Today marks the secret launch of Symbolica, so the company has no customers — at least, no customers it wants to talk about publicly. However, Morgan revealed that Symbolica secured a $33 million investment led by Khosla Ventures earlier this year. Other investors include Abstract Ventures, Buckley Ventures, Day One Ventures, and General Catalyst.
$33 million is no small number. Symbolica's backers are clearly confident in the startup's science and roadmap. Vinod Khosla, founder of Khosla Ventures, said in an email that he believes Symbolica is “addressing some of the most important challenges facing the AI industry today.”
“To enable large-scale commercial AI deployment and regulatory compliance, we need models with structured outputs that can achieve higher accuracy with fewer resources,” said Khosla. “George has assembled one of the best teams in the industry to do just that.”
But some are less convinced that symbolic AI is the right path to take.
candidate at the University of Washington, who focuses on law and data ethics, said that because symbolic AI models rely on highly structured data, the models are “very fragile” and that context and points out that it depends on specificity. This means that symbolic AI requires well-defined knowledge to work, and defining that knowledge can be very labor-intensive.
“If you combine the benefits of deep learning and symbolic approaches, this could still be interesting,” Keys said, referring to DeepMind's recently published AlphaGeometry, which is a neural network and AI-inspired symbolic approach. He said he solved a difficult geometric problem by combining algorithms. “But only time will tell.”
Morgan counters that promising alternatives are worth investing in, as current training methods will soon no longer be able to meet the needs of companies wanting to leverage AI for their purposes, and Symbolica is strategically positioned in this regard. He claimed to be in a favorable position. It has a “multi-year” runway with the latest funding tranche and is promising given its model is relatively small (and therefore cheap) to train and run.

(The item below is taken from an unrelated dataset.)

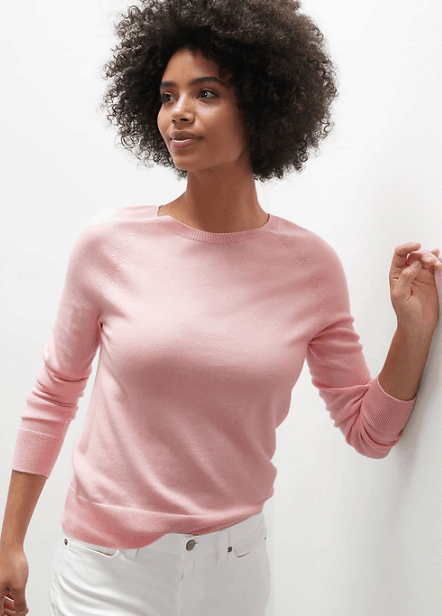 Super pretty Banana Republic Seamless Merino Crew-Neck Sweater in Responsible Wool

“For example, to automate software development at scale, you need models with formal reasoning capabilities to parse large code databases and generate and iterate on useful code. , which requires lower operating costs,” he said. “The public perception around AI models is still that all you need is scale. To make progress in this field, thinking symbolically is absolutely necessary. Meeting these demands requires structured and explainable output with formal reasoning capabilities. ”
There is little to prevent large AI labs like DeepMind from building their own symbolic AI or hybrid models. And aside from Symbolica's point of differentiation, Symbolica is entering a very crowded and well-capitalized AI space. But Morgan expects growth, predicting that San Francisco-based Symbolica's workforce will double by 2025.